Deciding who should get the job isn’t always easy or obvious. There are pros and cons to both options, but one thing is for sure: you don’t want to compromise on cost, quality or after-sales support.
Why a family-owned business can be your best bet
According to KPMG’s 2021 Australian Family Business Survey, family businesses in Australia represent 67% of all Australian businesses and they provide 55% of private sector employment.*
Clearly, family businesses play a major role in the economy and in society so let’s look at some of the reasons driving their success.
What makes a family business successful?
When the majority of ownership in a company is held by family members, the team is likely to be committed to a collective goal. After all, the business is their livelihood. They can’t just throw in the towel and get another job, so they’re likely to be highly motivated to do the best job possible for the good of the business.
Keeping things ‘in the family’ means customers are more likely to benefit from:
- Greater levels of public trust. Because customers get to see and meet the people who actually own the business, it makes for stronger personal relationships and a greater sense of trustworthiness.
- Higher levels of customer-service. Because the owners have a vested interest in the business and have a personal reputation to uphold, they’re more likely to put a strong focus on their customer service levels. They’ll take time to get to know their customers and invest in long-term relationships.
- Approachability. It can be easier to discuss your unique needs or circumstances with a smaller business, as opposed to dealing with a large faceless corporation. In many instances, bookings or enquiries are taken by team members who aren’t even in the same state as you, which can make it difficult for them to truly understand your requirements.
- Competitive pricing. While large corporates can benefit from economies of scale, this doesn’t always translate into lower costs for the customer. A small company is just as likely to be able to offer competitive pricing and discounts as a result of their personal relationships with local suppliers.
- Expertise, skills and know-how passed down the generations. A family business is often multigenerational, which means customers benefit from the experience, expertise, skills and insider knowledge which has been passed down the line. Yes, big companies may have substantial training budgets, but nothing beats first-hand learning on the job from an experienced professional.
- Community minded business.

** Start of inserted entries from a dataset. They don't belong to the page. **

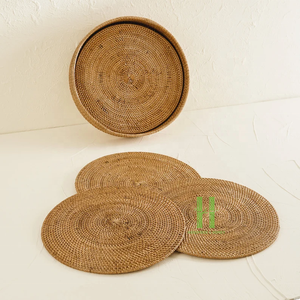 Hot Trend Rattan Charger <b>Plates</b> Boho Round Rattan Placemat OEM Hot Sale Placemat Wicker Charger <b>Plate</b> From Vietnam - Product Image 1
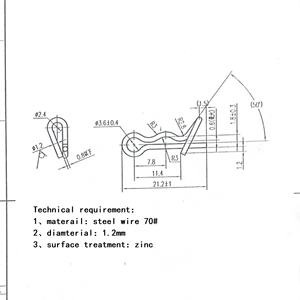 <span class=keywords><strong>Goupille</strong></span> de verrouillage élastique en forme de R de type B OEM goupilles de verrouillage en acier à ressort pour machine à emballer en carton en zinc - Product Image 4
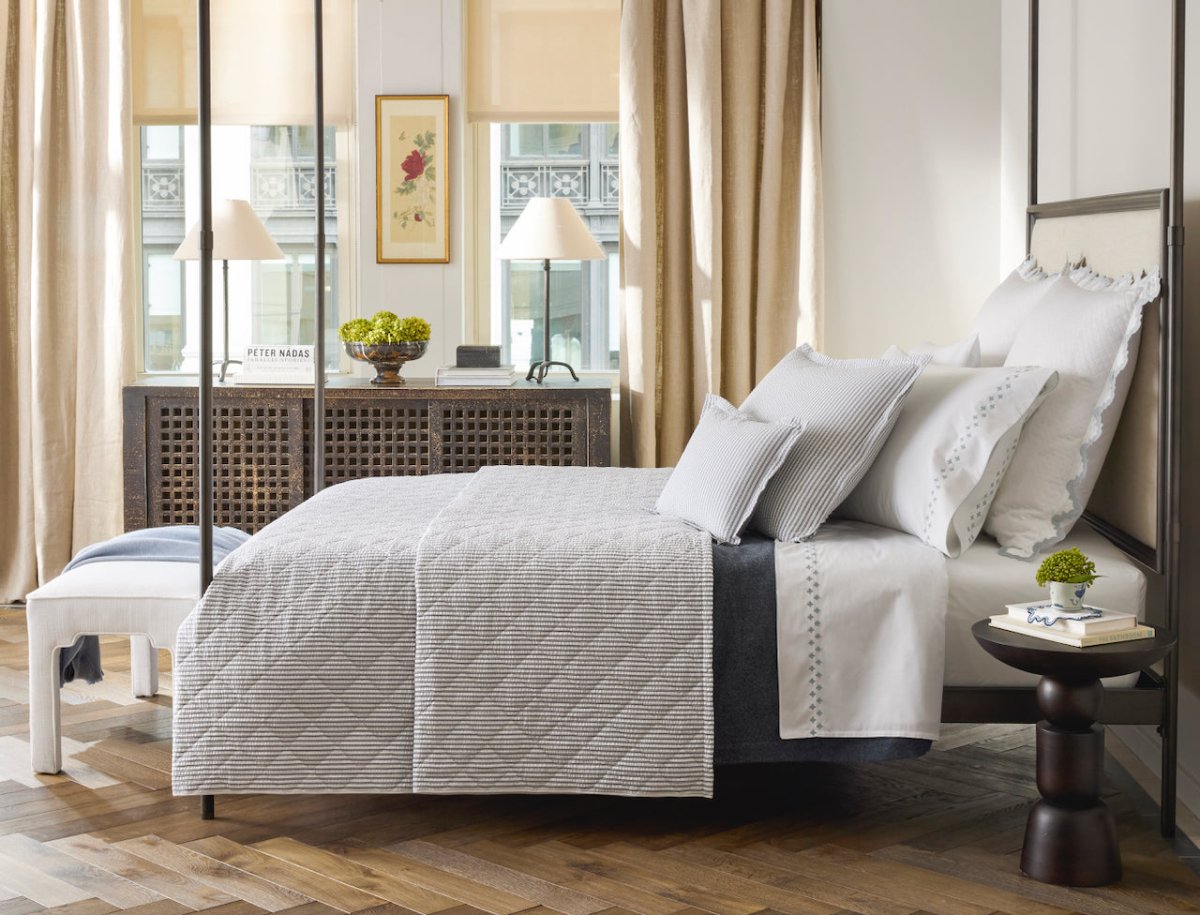 Matouk Matteo Quilted Seersucker Bedding at Fig Linens and Home | Lifestyle 1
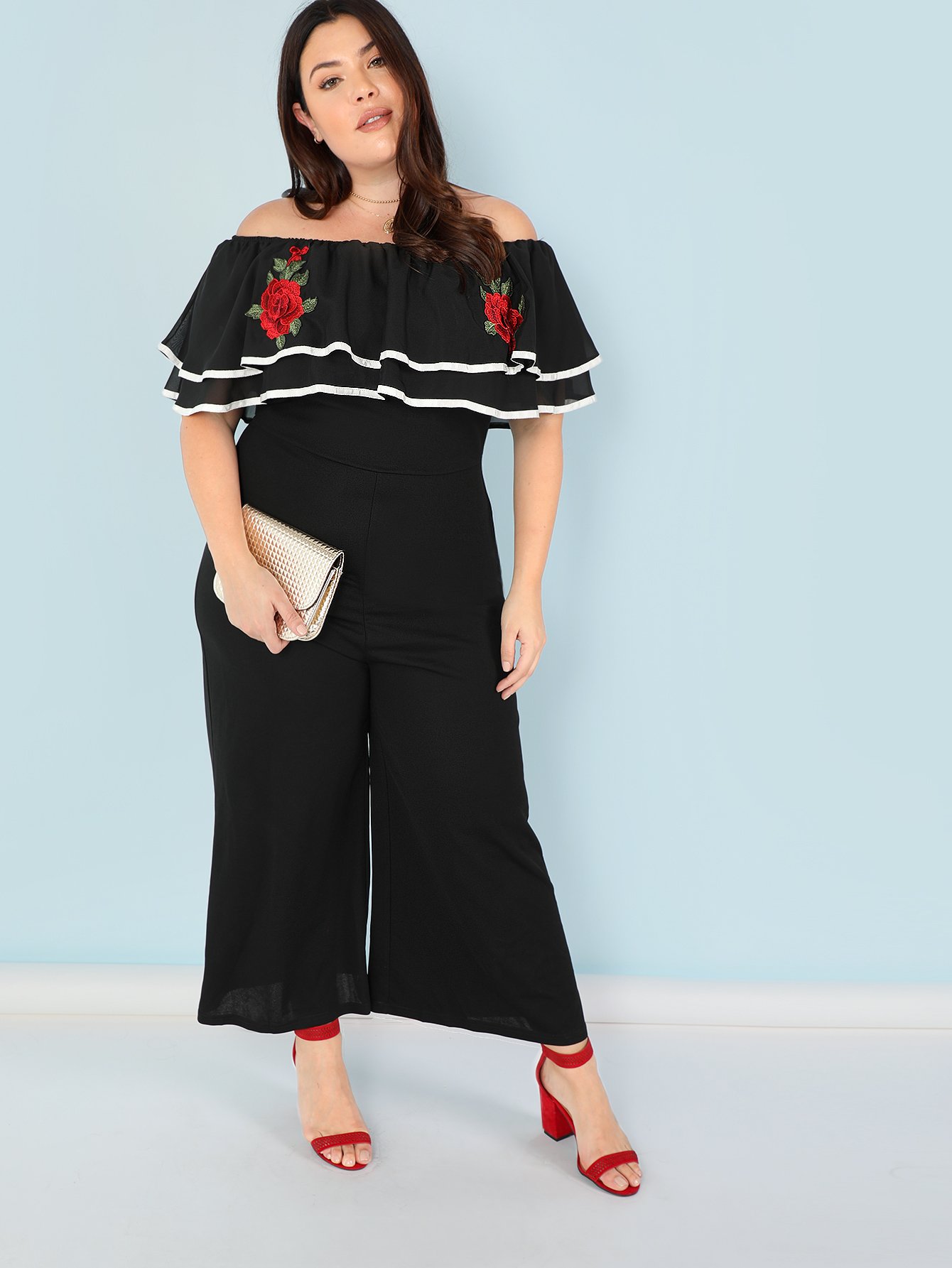 Цветочная аппликация Flushing Off Shoulder Jumpsuit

A family business is likely to operate in a niche market or local area, and is likely to have established a long-term connection to the local community. When a person supports a local business, by extension they are often supporting a local charity or community initiative.
- Owners take responsibility. The success and sustainability of a family-owned business lies in the hands of a small number of people, so everyone in the company has to give 100% all of the time. There’s nowhere to hide! The owners will take responsibility for the service they provide to customers and the value they deliver, so they will be fully committed to making sure it’s the best it can be.
Keeping it in the family
This is a general assessment of the benefits of doing business with a smaller, family-owned entity as opposed to dealing with a large corporate, and there are obviously advantages and disadvantages on both sides. That said, we know family-owned businesses play a significant role in the economy and so there must be good reasons for their success. Why don’t you put it to the test?